I am puzzled at Serbia's reaction to the situation in Northern Kosovo. The situation clearly asks for a repeating - again and again - of Serbia's position and arguments and of replying to any statement made by Western diplomats.
But Tadic seems strangely quiet. His behavior reminds me of that of that conference in Belgrade where the Russian ambassador asked whether there was any Serb in the room as no one seemed ready to take up the subject of what is happening to the Serbs in Kosovo now.
As I have stated before only a principled approach and a consistent to any undesirable statement of Western or Kosovar diplomats and leaders will gain the respect that will bring Western policy changes.
Sure, such a policy will initially evoke condemnation from Western actors. No one wants to change and it is only human to protest rather than change one's way of acting. That is psychology 101. It will take persistence - without allowing oneself to be provoked - to achieve results.
Of course Tadic shouldn't do it alone. Serbia's opposition is just as absent. Someone should remember Germany of its harmful role in the violent breakup of Yugoslavia. And someone should make it clear that the policy of Merkel and US ambassador Dell is one of ethnic cleansing. Traditionally this is the role of the opposition that less hampered by diplomatic niceties. Albin Kurti in Kosovo is a perfect example of how this is done.

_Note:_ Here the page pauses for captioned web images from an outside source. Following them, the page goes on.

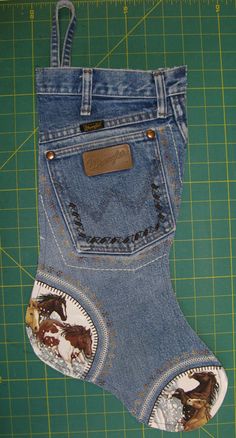 a pair of jeans with horses on them are sitting on a cutting board next to scissors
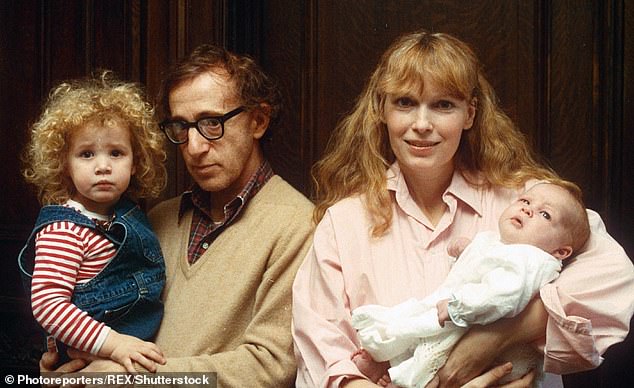 Woody Allen is pictured holding Dylan Farrow, alongside Mia Farrow and their son Ronan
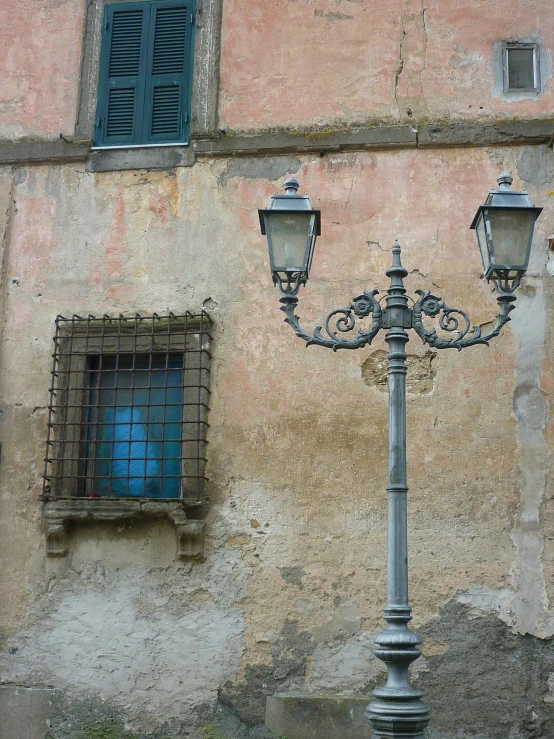street lamp on side of wall next to windows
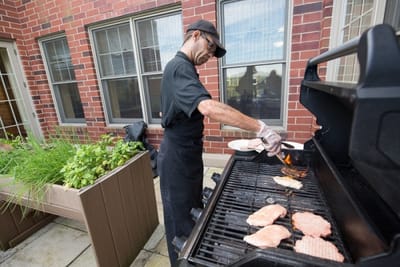 Staff member grilling food in an outdoor area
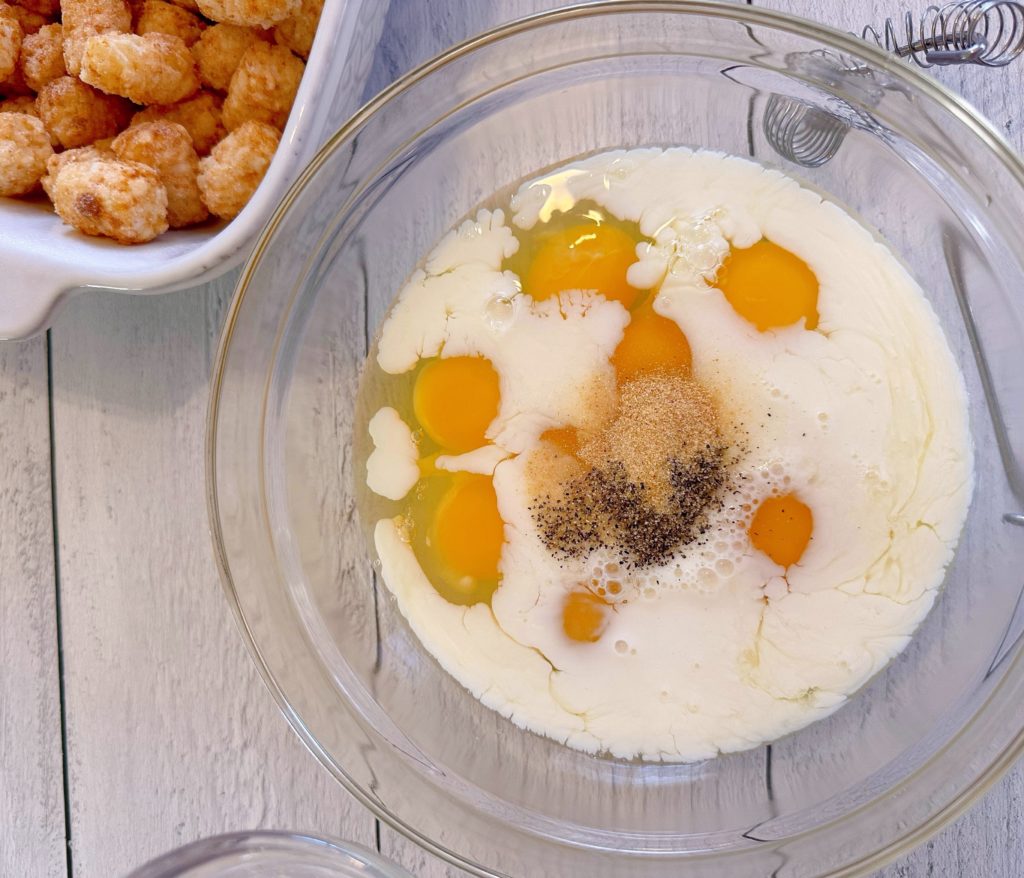 Adding seasoning to eggs and milk in mixing bowl.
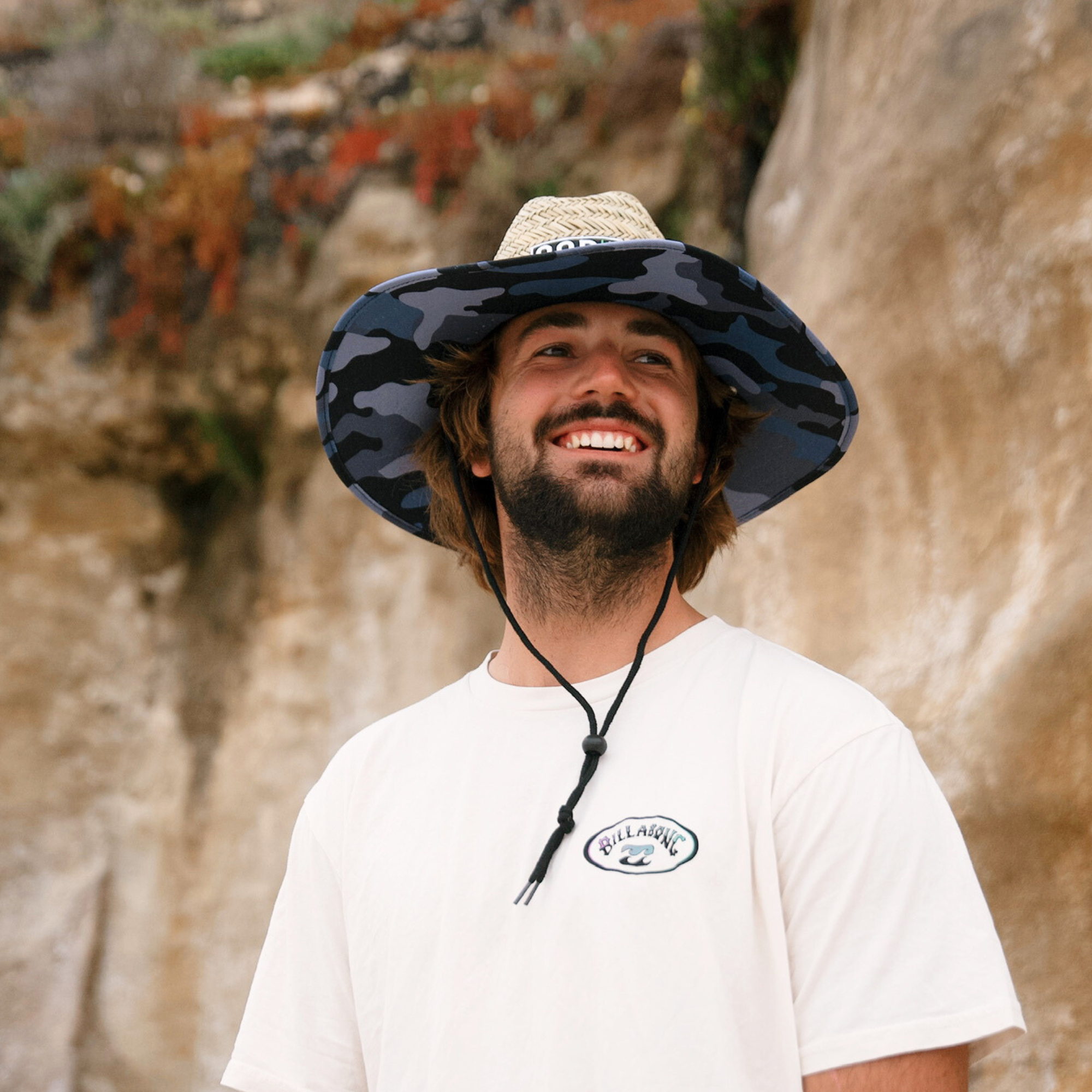 Men's straw beach hat in blue camouflage pattern by COR Surf, featuring a wide brim for sun protection and casual style.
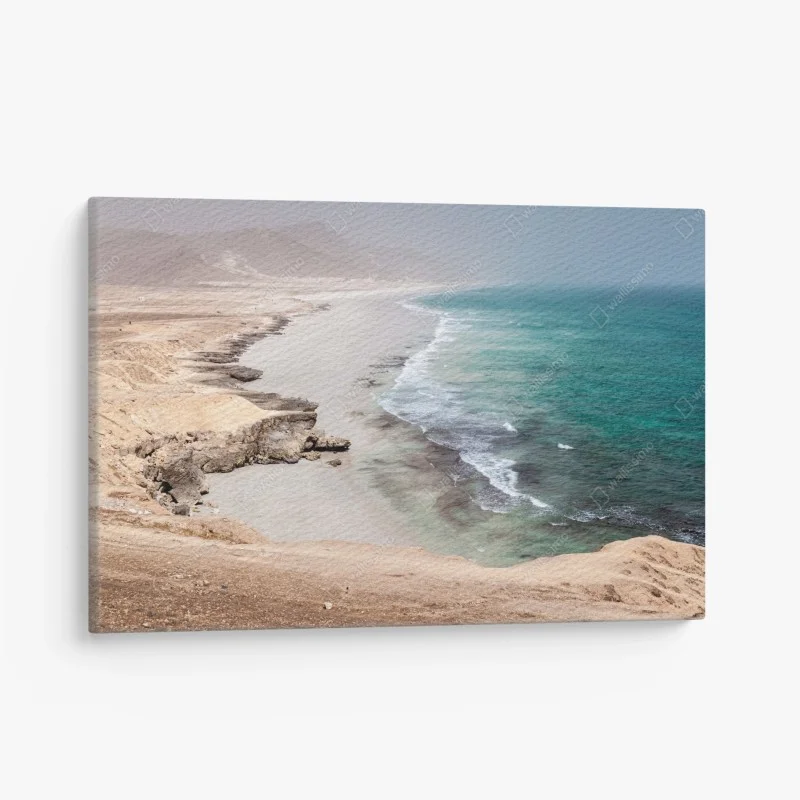 Canvas print serene turquoise coastline over desert cliffs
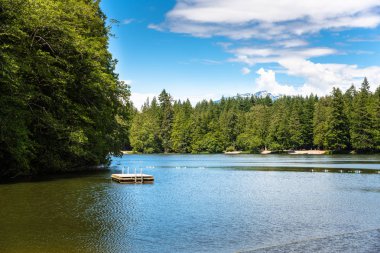 Ön planda ve din adamları gökyüzünde boş bir ahşap yüzme platformu ile güzel dağ gölü görünümü. Squamish, Bc, Kanada.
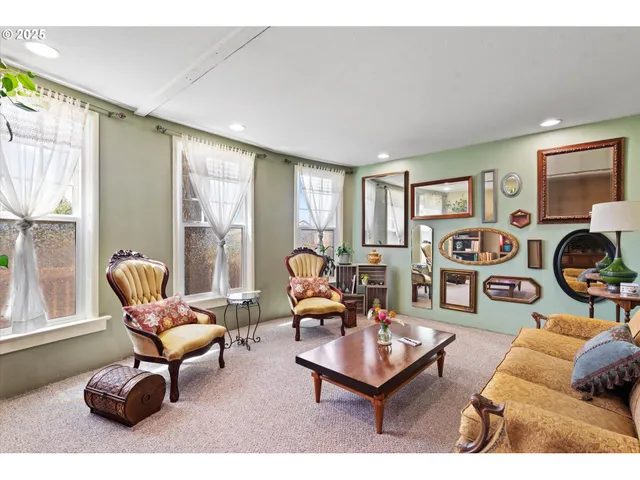 a living room with furniture a rug and a window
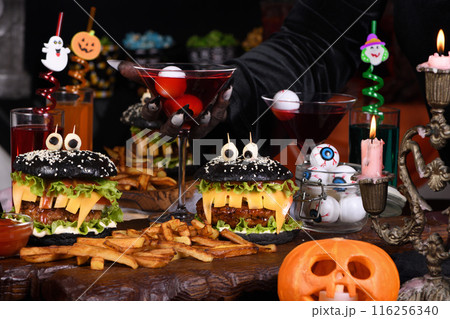 Witch's cocktail with eyeballs in a martini glass 116256340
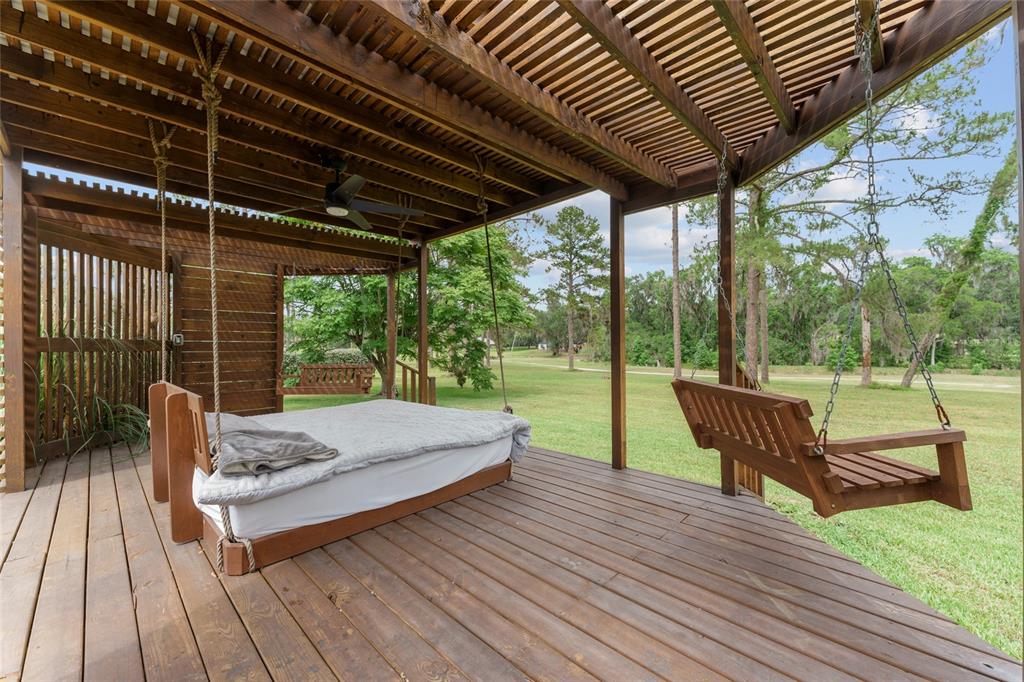 4841 Northwest 76th Court Ocala, FL 34482 - Photo 33 of 40 a patio view with a seating space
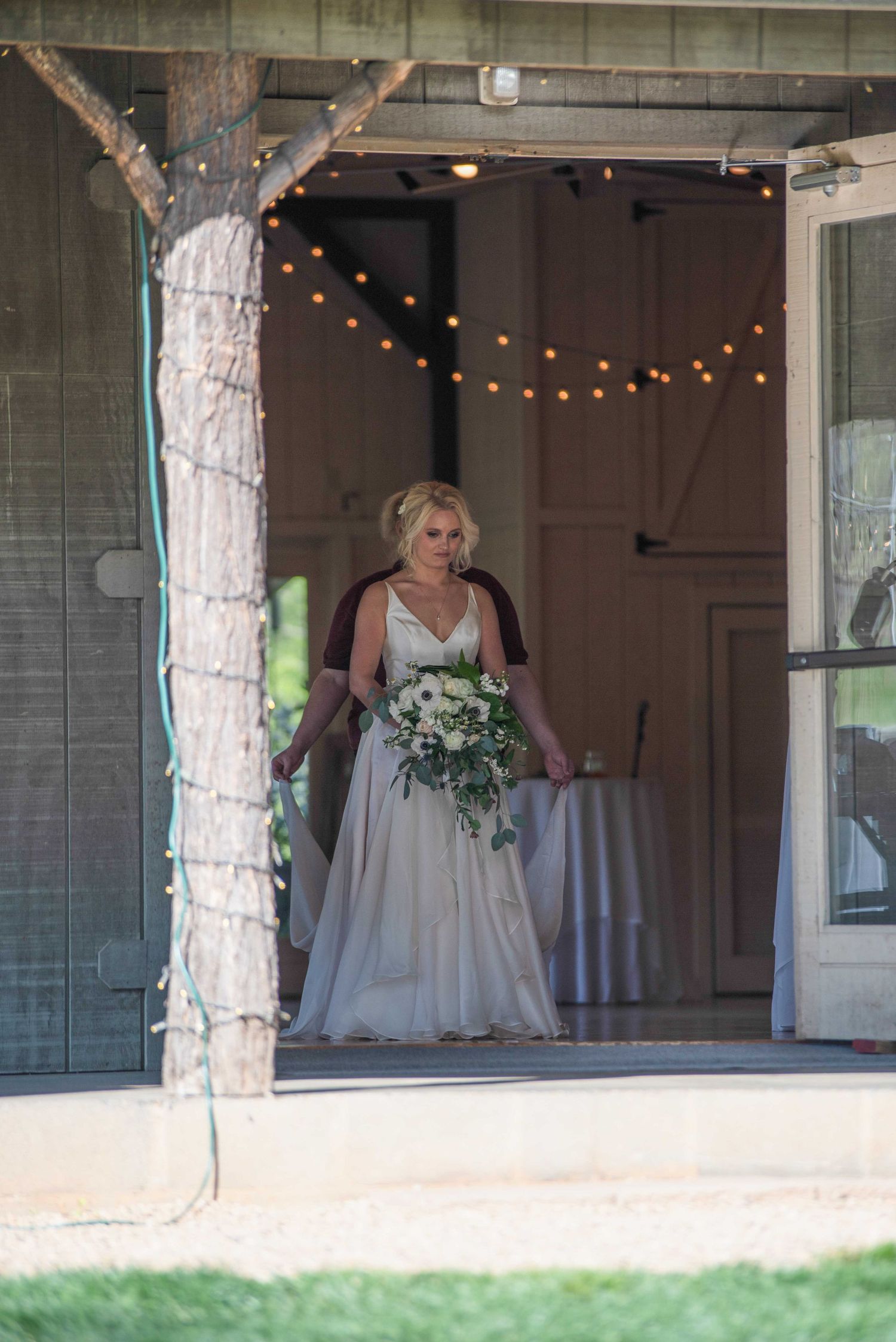 Bride in white gown holding floral bouquet standing in barn doorway with string lights at rustic wedding venue.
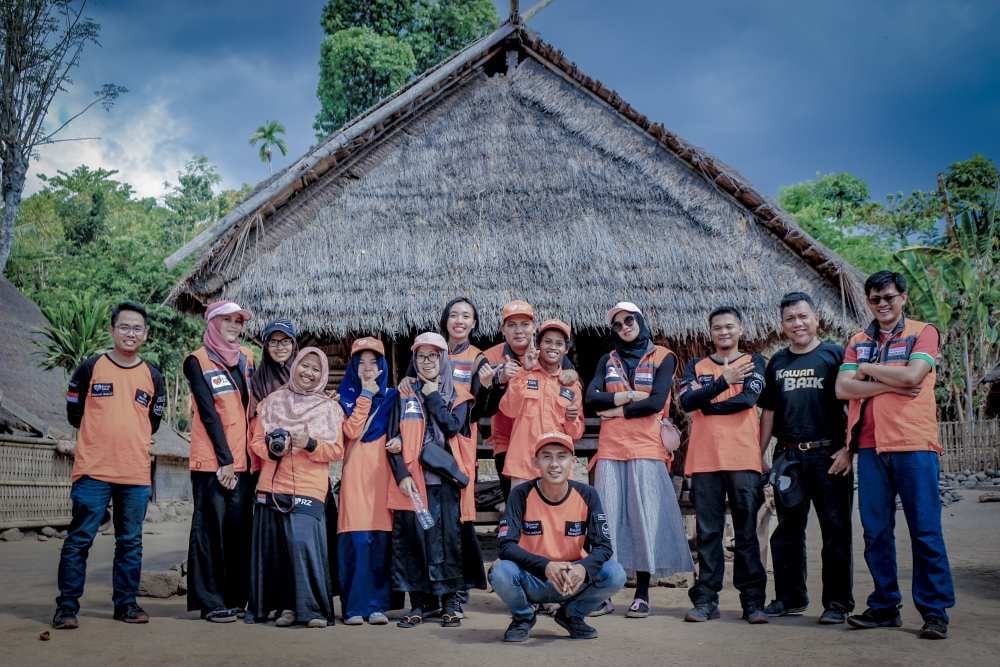 Nonprofit volunteer team in orange shirts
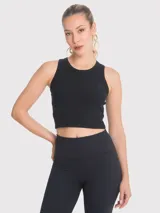 Top crop sin mangas de color negro, confeccionado en tejido acanalado con cuello redondo. Presenta un diseño ajustado al cuerpo con una pequeña abertura en la espalda y una cinta decorativa.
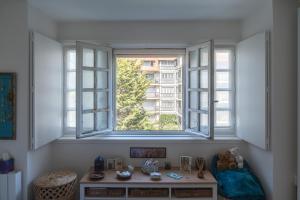 a room with two windows and a table and a chair at CASTEL SAINT CLAIR in Deauville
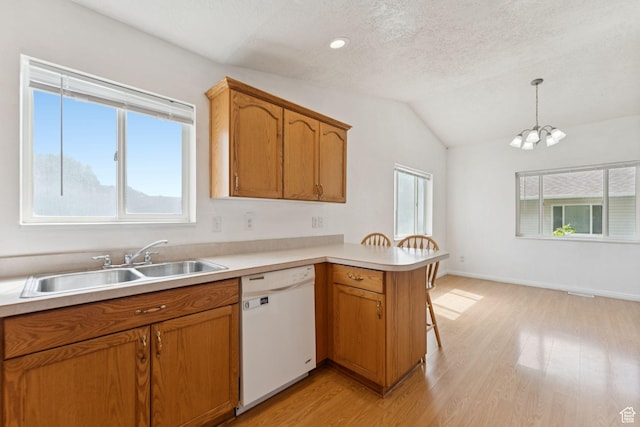 827 S 1030 W, Richfield, UT 84701 - kitchen featuring dishwasher, a peninsula, light wood-style flooring, lofted ceiling, and light countertops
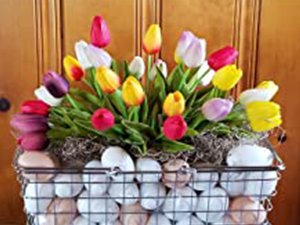 Arrangement of artificial tulips in a wire basket filled with decorative eggs and moss.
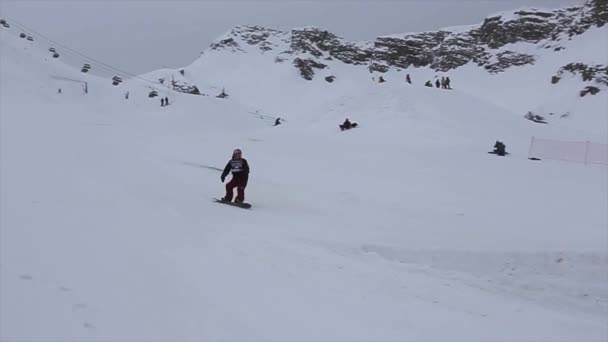 SOCHI, RUSIA - 4 DE ABRIL DE 2016: Salto snowboarder desde trampolín alto, hacer voltereta. Montañas. Camarógrafo . — Vídeo de stock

Serbia has a tendency to take indefensible positions. Not paying for electricity, the petrol smuggling in the North and the cadastre problems were such positions. I believe that Serbia should get rid of such positions. They evoke unilateral reactions and are internationally hard to defend. But one can wonder whether negotiations are really the best way to achieve that. In some cases unilateral gestures - in consultation with the Western countries - might be a better solution.